**What the task asks**: In the data below, find the line containing "Sony Xperia XZ1", then set down that line and every later line up to and including the line containing "Victoria secrets demi", exactly.

[Stored dataset items]
[Start of section]

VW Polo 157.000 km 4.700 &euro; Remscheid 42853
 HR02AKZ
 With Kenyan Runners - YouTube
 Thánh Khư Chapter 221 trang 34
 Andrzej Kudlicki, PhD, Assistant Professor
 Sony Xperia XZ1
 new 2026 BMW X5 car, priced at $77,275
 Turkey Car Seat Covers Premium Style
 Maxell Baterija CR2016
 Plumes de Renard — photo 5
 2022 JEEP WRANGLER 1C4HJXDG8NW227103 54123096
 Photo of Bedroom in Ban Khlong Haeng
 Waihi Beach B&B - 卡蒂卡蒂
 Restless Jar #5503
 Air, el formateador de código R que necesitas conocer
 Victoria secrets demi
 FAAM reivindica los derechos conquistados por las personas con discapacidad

[End of section]

**Final answer**:
 Sony Xperia XZ1
 new 2026 BMW X5 car, priced at $77,275
 Turkey Car Seat Covers Premium Style
 Maxell Baterija CR2016
 Plumes de Renard — photo 5
 2022 JEEP WRANGLER 1C4HJXDG8NW227103 54123096
 Photo of Bedroom in Ban Khlong Haeng
 Waihi Beach B&B - 卡蒂卡蒂
 Restless Jar #5503
 Air, el formateador de código R que necesitas conocer
 Victoria secrets demi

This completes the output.